The Muleros Formation is a geologic formation in New Mexico, which is particularly well exposed at Cerro de Cristo Rey near El Paso, Texas. It preserves fossils dating back to the early Cretaceous period.

==Description==
The formation consists of highly fossiliferous nodular argillaceous (clay-rich) limestone at its base and in its upper portion, with shale dominating the middle section and interbedding with the limestone towards the top of the formation. Total thickness is 106 feet. The formation conformably overlies the Smeltertown Formation and grades into the overlying Mesilla Valley Formation.

The formation is interpreted as an outer shelf formation that later experienced shallowing and deposition of limestone in an inner shelf environment subject to storm influence, then deepened again to deposit shale with some storm layers.

==Fossils==
The formation contains at least 20 genera and 23 species of fossils.
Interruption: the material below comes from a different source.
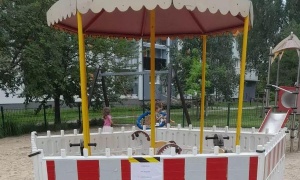Wandalizm i naprawy na placach zabaw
These include the molluscs Lima wacoensis Roemer, Lima mexicana Bose, Pecten texanus var. elongatus Bose, Pecten subalpinus Bose, Plicatula incongrua Conrad, Ostrea quadriplicata (Shumard), Texigryphaea washitaensis. Trigonia emery Conrad, Helicocryptus mexicanus Bose, and Turritella granulata Sowerby var. cenomanensis d'Orbigny and the echinoderm Heteraster bravoensis (Bose). These are characteristic of the Albian age. The formation is highly fossiliferous, with some beds consisting almost entirely of fossils of the oyster Texigryphaea washitaensis.

==History of investigation==
The beds making up the formation were first described by E. Bose in 1906 as subdivision 5 of his stratigraphic section. W.S. Strain assigned the name Muleros Formation to this subdivision in 1976.